Addressing some of the points raised in the response:
I did not question cultural values but rather reserved my observations for the actions of a government that has made every intent to bend the free individual to the will of the State and, ironically, by extension, subsume the cultural values of the individuals that comprise society, to the cultural values of the State. For example, the cultural values here in the Big Horn Basin espouse, among other things, religion, guns, hunting, fierce self-reliance, etc. The cultural values of Washington are 180 degrees out from those. Why should an individual living by the cultural values here accept an infringement of those values by way of legislation, taxation, fees, fines, and other mechanisms?
I did not equate the Constitution to Holy Scripture although many of the authors of the Constitution were guided and inspired by their Creator while laboring to cobble together a framework of laws to define and constrain the new Republic.

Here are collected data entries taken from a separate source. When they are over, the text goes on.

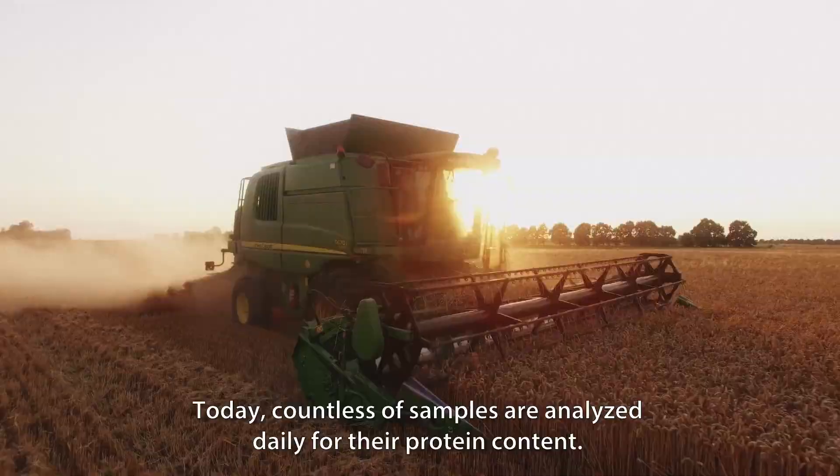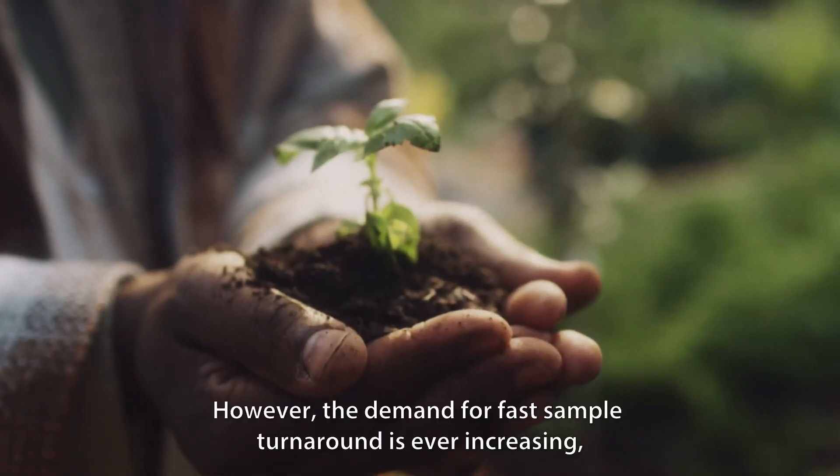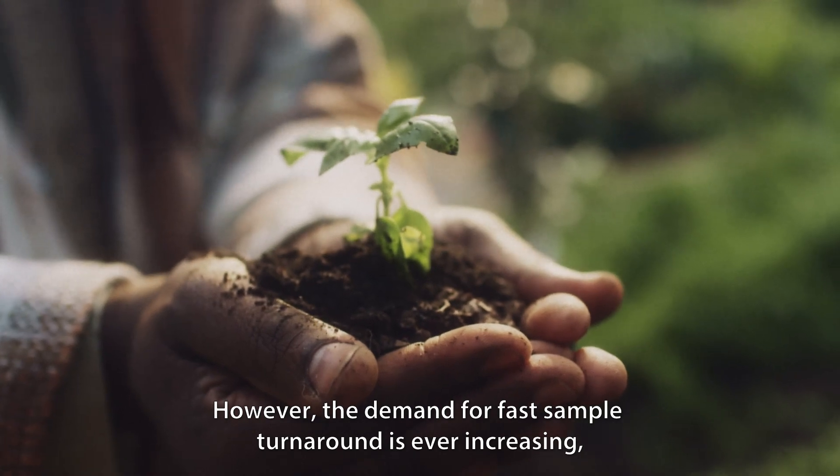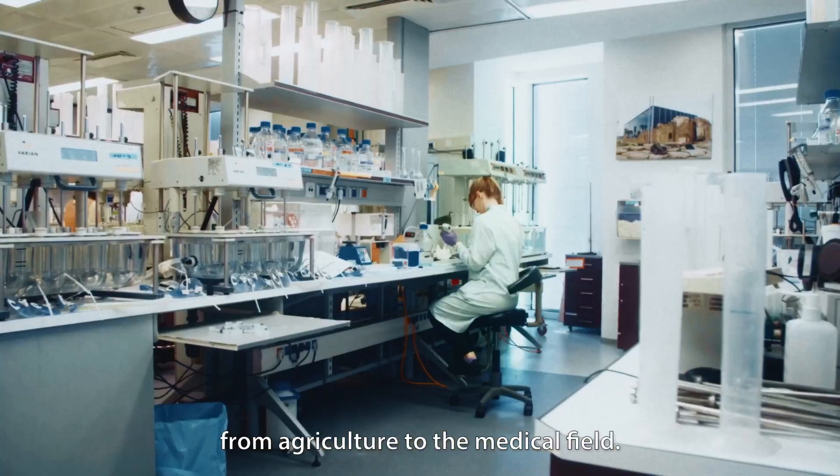Today, countless samples are analysed daily for their protein content. However, the demand for fast sample turnaround is ever-increasing, from agriculture to the medical field.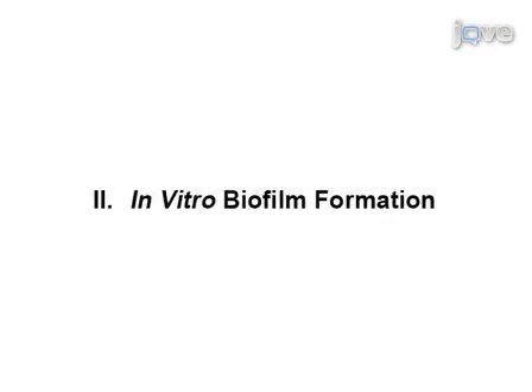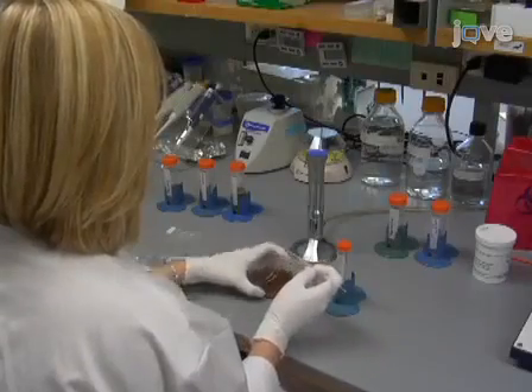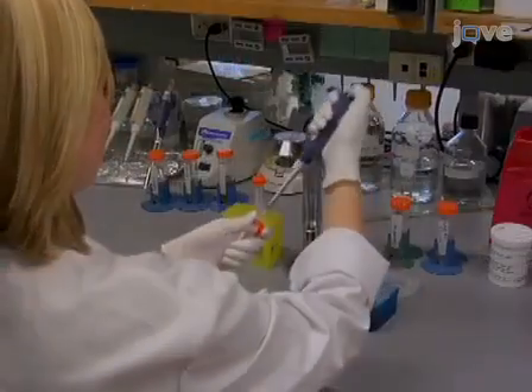Demonstrating the procedure today will be Liz, a grad student from the laboratory. Inoculate bacteria in liquid culture medium and incubate the culture until it reaches mid-log phase, then dilute the mid-log phase suspension.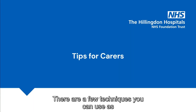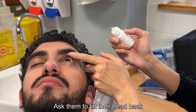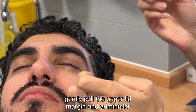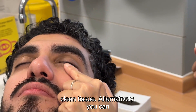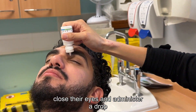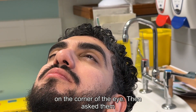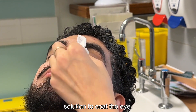There are a few techniques you can use as a carer for patients requiring eye drops. Ask them to tilt their head back, then gently pull the upper lid margin and administer the drop. Blot any excess liquid with a clean tissue. Alternatively, you can pull the lower lid. Another option is to ask the patient to close their eyes and administer a drop on the corner of the eye, then ask them to open and close their eyes to allow the solution to coat the eye.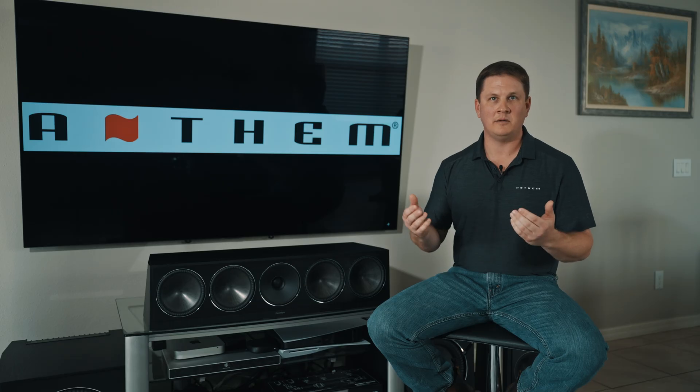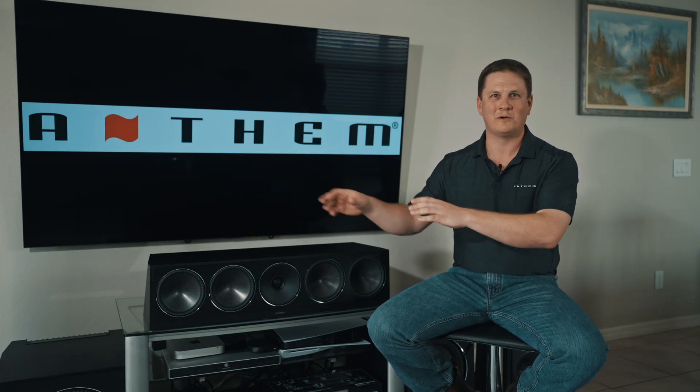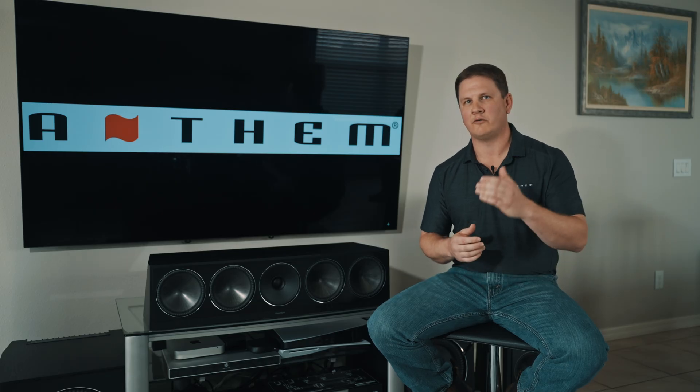In a lot of cases the ideal location may not be practical — it could be physically in the way of a door or another area of the room — so you will have to make some compromises. That's where Anthem Room Correction built into the subwoofer or the electronics is a huge benefit, because we can help solve a lot of those inefficiencies using the powerful ARC Genesis calibration software. In my case at home, I've got my two subwoofers flanking the inside of my front main speakers, which gives me the best of both worlds aesthetically and from a performance standpoint.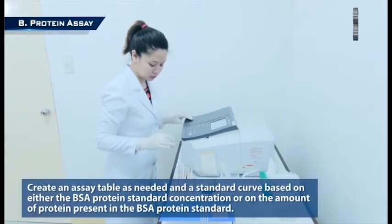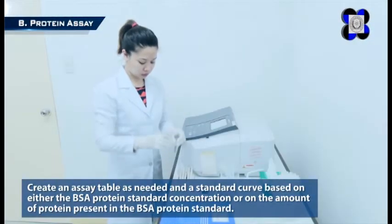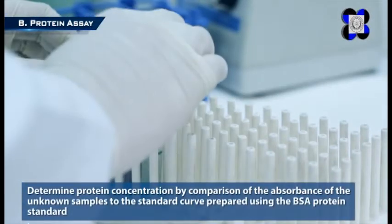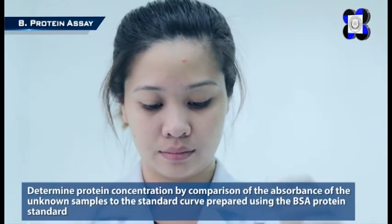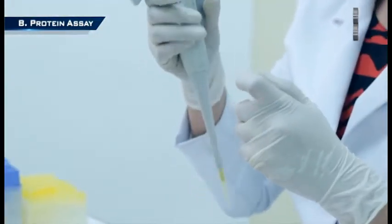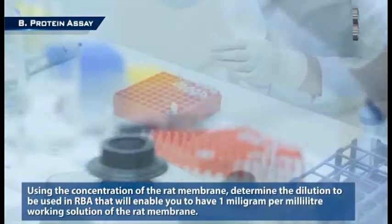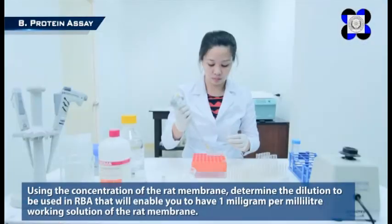Step 8: Create an assay table as needed and a standard curve based on either the BSA protein standard concentration or the amount of protein present in the BSA protein standard. Determine protein concentration by comparison of the unknown samples to the standard curve. Using the concentration of the rat membrane, determine the dilution to be used in RBA that will enable you to have a 1 milligram per milliliter working solution of the rat membrane.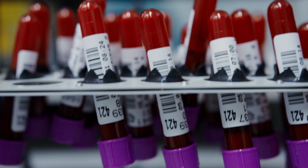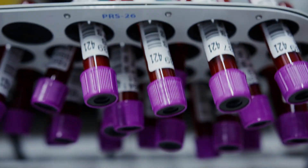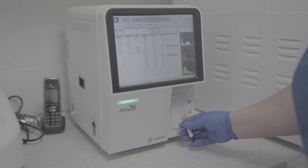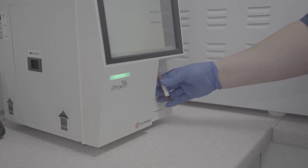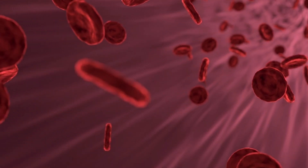Next up, the purple or lavender tube. This one has EDTA, and if you're in the lab, you know this tube is the king of haematology. We use it for CBC, ESR, HbA1c, and more. EDTA prevents clotting and keeps blood cells in good condition for counting under the machine.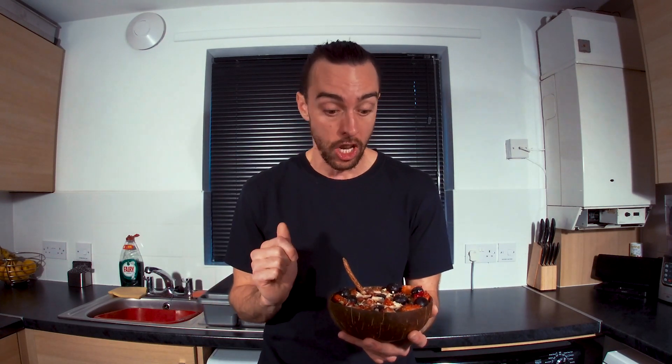This right here is the mother of all breakfast bowls. It is high in protein, high in fiber, low in fat. It's got omega-3s, omega-6s, and good carbs in it. If you're sick of eating the same thing for breakfast every day and you want something delicious and quick to make, this video is for you.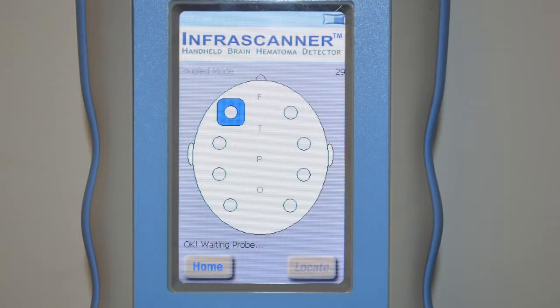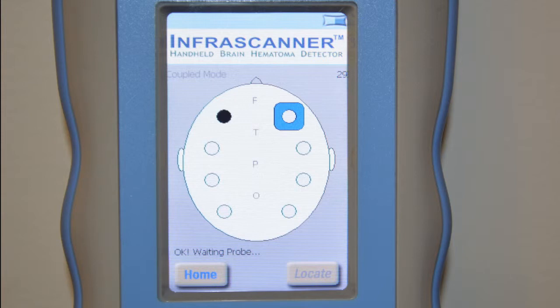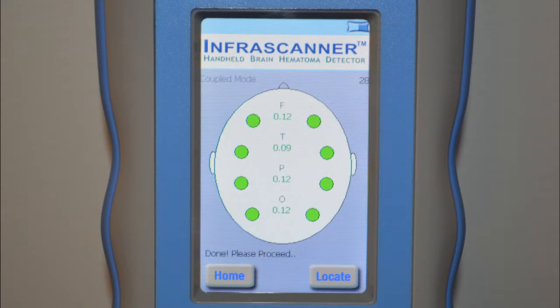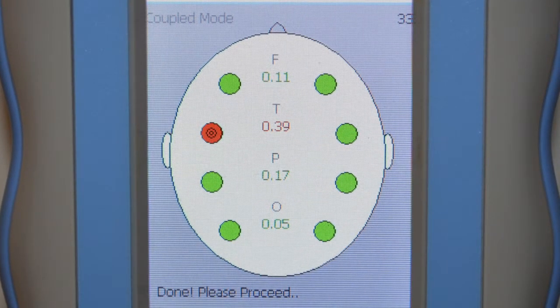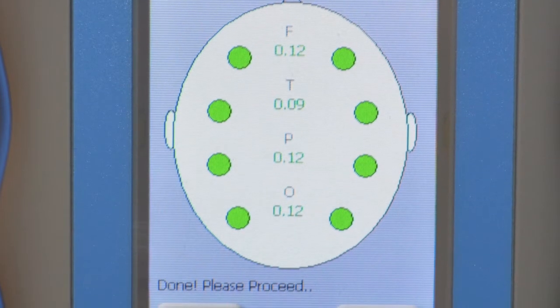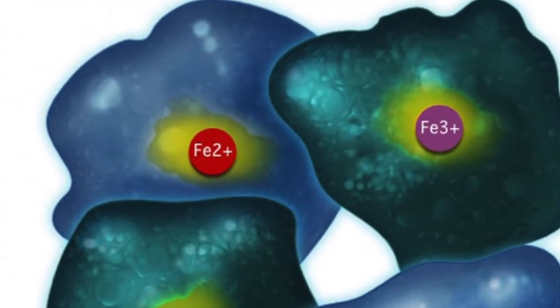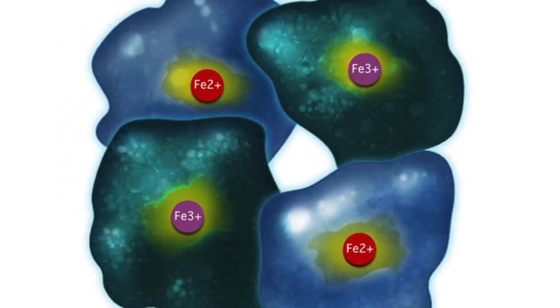When taking a measurement, the blue square tells you where the next scan should be taken and the black dot indicates where the measurement is done. When both sides of one location are completed, a green circle for negative or red circle for positive will show. Numbers below the F, T, P, and O on the head diagram show the relative optical density difference between left and right sides. Anything over 0.20 shows a positive or red reading; 0.20 and below shows a negative or green reading. This threshold was based on a pilot study of TBI patients and healthy volunteers to maximize sensitivity and specificity. The near infrared signal decreases over approximately 72 hours due to natural breakdown of hemoglobin into methemoglobin, so the InfraScanner will not detect a chronic hematoma.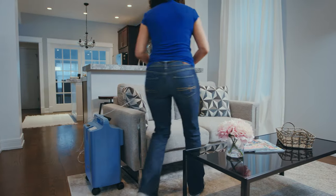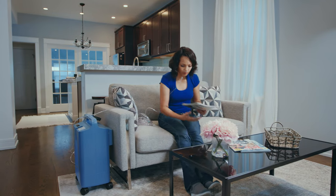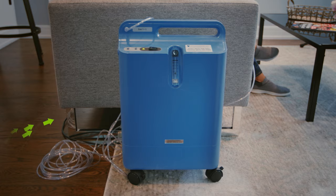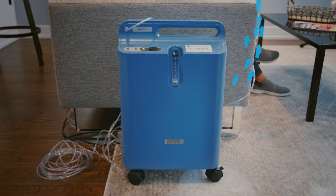Patients who need constant oxygen at home or while they sleep are often prescribed home oxygen concentrators. Oxygen concentrators take air from your surroundings, extract oxygen, and filter it into purified oxygen for you to breathe.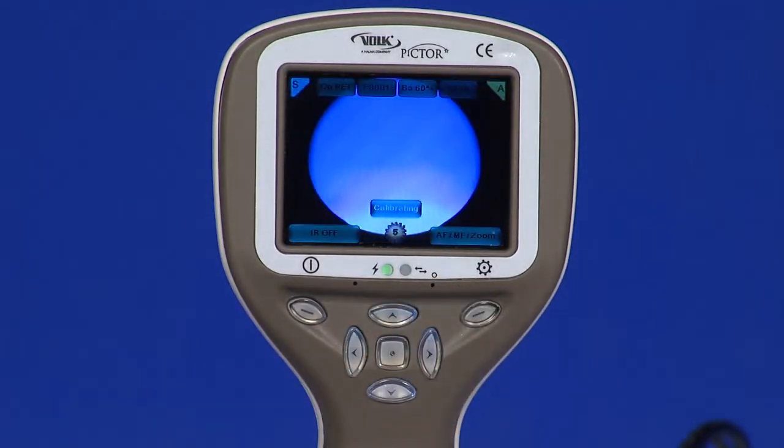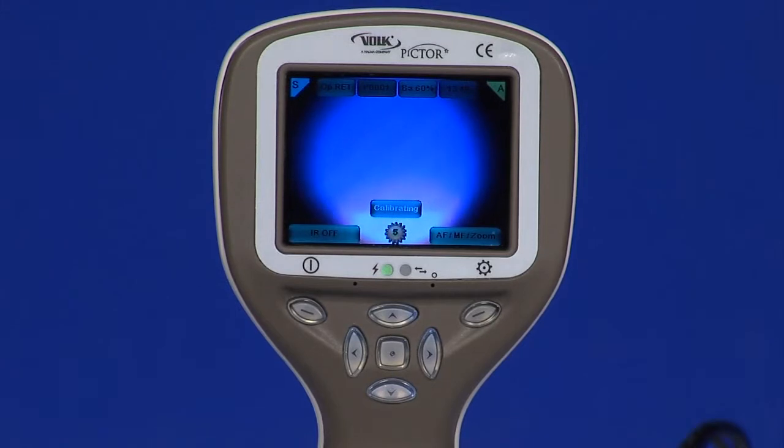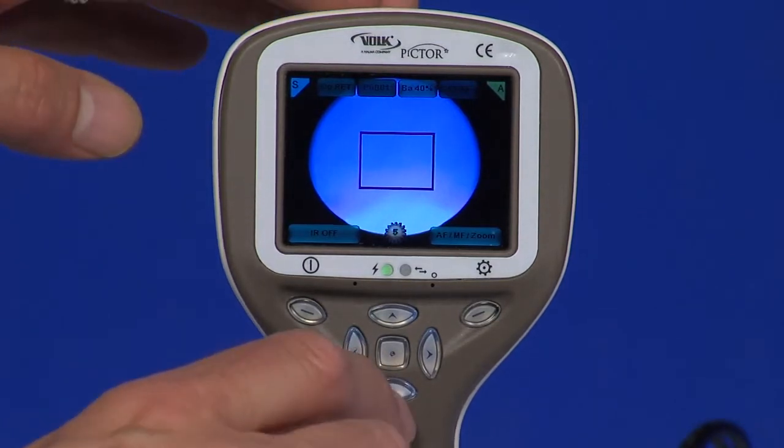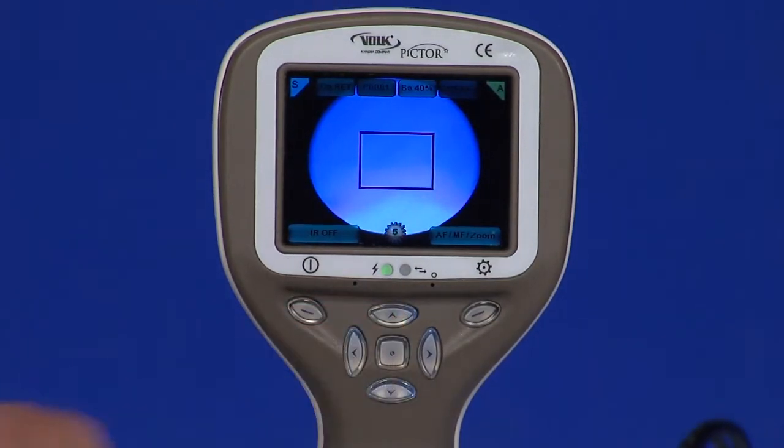Middle key. Press the middle key to activate the focus window. It is possible to move it using arrow keys to better capture the wanted area. If multiple patients are examined during the same session, it is recommended to create a new file folder for each patient's images. A new folder is created by pressing the middle key for 3 seconds.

That said, the Constitution is the legal supreme law of the land by which the federal government is to abide. Variance from the Constitution is quite frankly, breaking the law.
I did not state that the individual’s goals, desires, or freedoms are any more important than anyone else’s. I do believe, however, that as long as the individual’s pursuit of the same does not harm anyone else, then the individual should be free to pursue his own course without interference from a state that claims to know better than the individual how to guide that course or achieve the ends.
I agree that we should be open to listening to other points of view. And, I agree that we should be able to disagree. But, I will not compromise my beliefs, as that would be akin to having no principles. How this equates to a “tyranny of the spirit” is beyond me...so I guess we will disagree on that conclusion.
Back to the points made in my original column, I look forward to a reasoned discourse that might sway or solidify my premise that we are not, by any definition, the free people that is our birthright.